Grokster came before the Supreme Court having already won in two previous courts. The United States District Court for the Central District of California originally dismissed the case in 2003, citing the Betamax decision. Then a higher court, the Ninth Circuit Court of Appeals, upheld the lower court's decision after acknowledging that P2P software has legitimate and legal uses. Sharman Networks' Kazaa file sharing program was originally amongst the defendants, but was dropped because the company is based in Vanuatu.
Computer and Internet technology companies such as Intel, and trade associations including firms such as Yahoo! and Microsoft, filed amicus curiae briefs in support of the file sharing companies, while the RIAA and MPAA both sided with MGM. A list of briefs filed in the case is available at copyright.gov and eff.org. Billionaire Mark Cuban partially financed Grokster's fight before the Supreme Court.[1]
During oral argument, the Supreme Court justices appeared divided between the need to protect new technologies and the need to provide remedies against copyright infringement. Justice Antonin Scalia expressed concern that inventors would be chilled from entering the market by the threat of immediate lawsuits. Justice David Souter questioned how the interpretation of the law the plaintiffs argued for would affect devices like copy machines or the iPod.
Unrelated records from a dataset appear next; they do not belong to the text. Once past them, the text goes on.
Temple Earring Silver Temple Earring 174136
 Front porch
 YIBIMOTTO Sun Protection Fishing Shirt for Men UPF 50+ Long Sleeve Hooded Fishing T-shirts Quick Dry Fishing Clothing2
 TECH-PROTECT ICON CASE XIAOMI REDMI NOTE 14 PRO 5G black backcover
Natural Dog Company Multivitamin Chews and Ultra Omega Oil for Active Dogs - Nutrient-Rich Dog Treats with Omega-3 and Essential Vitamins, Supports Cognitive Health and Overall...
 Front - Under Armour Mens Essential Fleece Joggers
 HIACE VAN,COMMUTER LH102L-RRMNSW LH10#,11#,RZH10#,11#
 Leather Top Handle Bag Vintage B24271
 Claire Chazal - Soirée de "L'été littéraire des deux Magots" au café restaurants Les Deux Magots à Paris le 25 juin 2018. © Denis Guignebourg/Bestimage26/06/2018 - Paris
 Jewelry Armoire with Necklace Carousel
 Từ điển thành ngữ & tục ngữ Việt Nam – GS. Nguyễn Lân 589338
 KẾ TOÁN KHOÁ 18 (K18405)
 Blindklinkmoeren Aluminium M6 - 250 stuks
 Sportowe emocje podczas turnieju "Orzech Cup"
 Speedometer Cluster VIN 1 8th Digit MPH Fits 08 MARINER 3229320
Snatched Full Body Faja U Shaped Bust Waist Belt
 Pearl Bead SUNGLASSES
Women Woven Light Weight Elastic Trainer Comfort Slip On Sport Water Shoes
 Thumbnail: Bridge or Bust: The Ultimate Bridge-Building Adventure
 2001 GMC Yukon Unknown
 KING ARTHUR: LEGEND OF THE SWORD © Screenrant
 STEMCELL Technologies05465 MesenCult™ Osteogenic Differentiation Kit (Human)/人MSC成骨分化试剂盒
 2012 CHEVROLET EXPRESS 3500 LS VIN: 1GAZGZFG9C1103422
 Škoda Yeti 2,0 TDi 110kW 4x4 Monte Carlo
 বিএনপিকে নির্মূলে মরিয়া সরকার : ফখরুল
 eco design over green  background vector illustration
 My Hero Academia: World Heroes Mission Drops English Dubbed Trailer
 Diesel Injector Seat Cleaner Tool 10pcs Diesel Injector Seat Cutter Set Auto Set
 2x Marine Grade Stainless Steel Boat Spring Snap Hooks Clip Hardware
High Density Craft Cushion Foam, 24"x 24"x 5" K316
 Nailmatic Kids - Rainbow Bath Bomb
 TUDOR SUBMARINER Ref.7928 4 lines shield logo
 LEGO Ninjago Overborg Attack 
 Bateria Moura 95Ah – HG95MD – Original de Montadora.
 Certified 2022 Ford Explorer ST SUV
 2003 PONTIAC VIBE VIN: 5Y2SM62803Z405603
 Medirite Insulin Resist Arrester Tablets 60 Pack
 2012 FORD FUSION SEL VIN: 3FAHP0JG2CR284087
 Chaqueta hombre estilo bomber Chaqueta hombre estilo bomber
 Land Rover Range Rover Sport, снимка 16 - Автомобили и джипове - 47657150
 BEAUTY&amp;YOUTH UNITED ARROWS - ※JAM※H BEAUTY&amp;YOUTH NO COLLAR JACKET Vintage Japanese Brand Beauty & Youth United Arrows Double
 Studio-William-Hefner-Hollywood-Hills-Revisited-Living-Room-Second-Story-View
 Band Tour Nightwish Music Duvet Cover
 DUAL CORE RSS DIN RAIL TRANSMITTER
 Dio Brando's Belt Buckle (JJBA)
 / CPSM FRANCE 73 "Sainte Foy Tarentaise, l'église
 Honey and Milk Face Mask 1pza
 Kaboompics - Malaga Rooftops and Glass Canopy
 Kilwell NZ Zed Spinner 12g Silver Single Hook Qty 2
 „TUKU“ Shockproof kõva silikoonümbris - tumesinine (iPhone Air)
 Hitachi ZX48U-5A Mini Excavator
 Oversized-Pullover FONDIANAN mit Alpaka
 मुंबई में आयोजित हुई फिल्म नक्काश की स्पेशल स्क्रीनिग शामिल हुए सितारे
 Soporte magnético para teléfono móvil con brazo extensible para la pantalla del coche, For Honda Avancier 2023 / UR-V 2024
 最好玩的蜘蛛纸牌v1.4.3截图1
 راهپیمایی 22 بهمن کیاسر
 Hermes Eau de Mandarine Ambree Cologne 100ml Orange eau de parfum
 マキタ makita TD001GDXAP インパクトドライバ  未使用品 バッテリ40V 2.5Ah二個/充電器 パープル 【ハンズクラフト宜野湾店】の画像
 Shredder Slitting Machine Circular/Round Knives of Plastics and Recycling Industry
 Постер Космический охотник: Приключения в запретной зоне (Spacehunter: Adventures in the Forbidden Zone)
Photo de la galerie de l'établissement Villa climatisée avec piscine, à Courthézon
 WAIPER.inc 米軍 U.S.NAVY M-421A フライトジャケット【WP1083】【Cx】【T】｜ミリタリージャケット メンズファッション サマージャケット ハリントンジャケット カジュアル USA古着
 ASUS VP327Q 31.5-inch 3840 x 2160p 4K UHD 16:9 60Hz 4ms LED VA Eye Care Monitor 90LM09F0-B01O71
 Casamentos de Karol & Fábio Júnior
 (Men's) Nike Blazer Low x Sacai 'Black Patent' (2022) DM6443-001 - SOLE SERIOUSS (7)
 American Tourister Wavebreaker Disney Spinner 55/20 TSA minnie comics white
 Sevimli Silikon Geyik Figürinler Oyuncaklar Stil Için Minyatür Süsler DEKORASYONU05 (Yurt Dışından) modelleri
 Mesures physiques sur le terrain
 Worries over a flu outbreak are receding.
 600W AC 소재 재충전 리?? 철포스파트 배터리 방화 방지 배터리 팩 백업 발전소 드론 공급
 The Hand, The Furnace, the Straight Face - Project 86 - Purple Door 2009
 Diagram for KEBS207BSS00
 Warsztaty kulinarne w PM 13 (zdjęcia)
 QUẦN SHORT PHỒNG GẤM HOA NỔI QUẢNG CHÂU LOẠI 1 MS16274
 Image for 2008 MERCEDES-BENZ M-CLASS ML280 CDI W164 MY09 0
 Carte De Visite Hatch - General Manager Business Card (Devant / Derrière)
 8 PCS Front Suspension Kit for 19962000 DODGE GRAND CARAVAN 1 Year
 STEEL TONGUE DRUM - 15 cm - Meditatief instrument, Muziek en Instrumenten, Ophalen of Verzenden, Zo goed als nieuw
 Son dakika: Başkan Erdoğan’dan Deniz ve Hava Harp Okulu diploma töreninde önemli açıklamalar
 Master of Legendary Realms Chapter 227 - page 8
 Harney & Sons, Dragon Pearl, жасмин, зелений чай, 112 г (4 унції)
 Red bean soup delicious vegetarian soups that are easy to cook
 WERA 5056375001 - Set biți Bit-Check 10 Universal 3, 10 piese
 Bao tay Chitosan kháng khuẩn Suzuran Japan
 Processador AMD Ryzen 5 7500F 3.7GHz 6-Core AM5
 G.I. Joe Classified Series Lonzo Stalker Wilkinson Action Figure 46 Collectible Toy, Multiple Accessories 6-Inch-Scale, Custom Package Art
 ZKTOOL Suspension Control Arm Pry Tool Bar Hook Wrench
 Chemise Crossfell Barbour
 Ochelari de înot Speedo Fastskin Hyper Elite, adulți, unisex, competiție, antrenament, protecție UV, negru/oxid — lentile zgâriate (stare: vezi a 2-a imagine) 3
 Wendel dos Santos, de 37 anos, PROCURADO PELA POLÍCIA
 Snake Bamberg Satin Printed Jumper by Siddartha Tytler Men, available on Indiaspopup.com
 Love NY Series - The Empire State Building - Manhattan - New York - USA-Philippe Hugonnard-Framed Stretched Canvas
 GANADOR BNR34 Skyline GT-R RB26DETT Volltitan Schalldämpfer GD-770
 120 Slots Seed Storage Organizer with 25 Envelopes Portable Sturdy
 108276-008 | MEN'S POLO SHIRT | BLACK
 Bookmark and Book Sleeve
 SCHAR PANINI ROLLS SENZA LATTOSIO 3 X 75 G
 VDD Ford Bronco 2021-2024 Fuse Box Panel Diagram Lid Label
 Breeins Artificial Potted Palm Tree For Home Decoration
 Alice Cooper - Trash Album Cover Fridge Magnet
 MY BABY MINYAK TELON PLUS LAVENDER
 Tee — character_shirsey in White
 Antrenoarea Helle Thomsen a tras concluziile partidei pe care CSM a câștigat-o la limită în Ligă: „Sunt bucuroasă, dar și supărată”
The music industry suggested that iPods have a substantial and legitimate commercial use in contrast to Grokster, to which Souter replied, "I know perfectly well that I can buy a CD and put it on my iPod. But I also know if I can get music without buying it, I'm going to do so."[2] On the other hand, the justices seemed troubled at the prospect of ruling that Grokster's alleged business model of actively inducing infringement and then reaping the commercial benefits was shielded from liability. Grokster argued that affirming the Ninth Circuit would only prevent an injunction against future use of the P2P software, while the plaintiffs would still be free to pursue damages in the district court for alleged past wrongful acts. Much of the Court, however, expressed skepticism that Grokster's continuing enterprise could be severable from the consequences of those prior acts.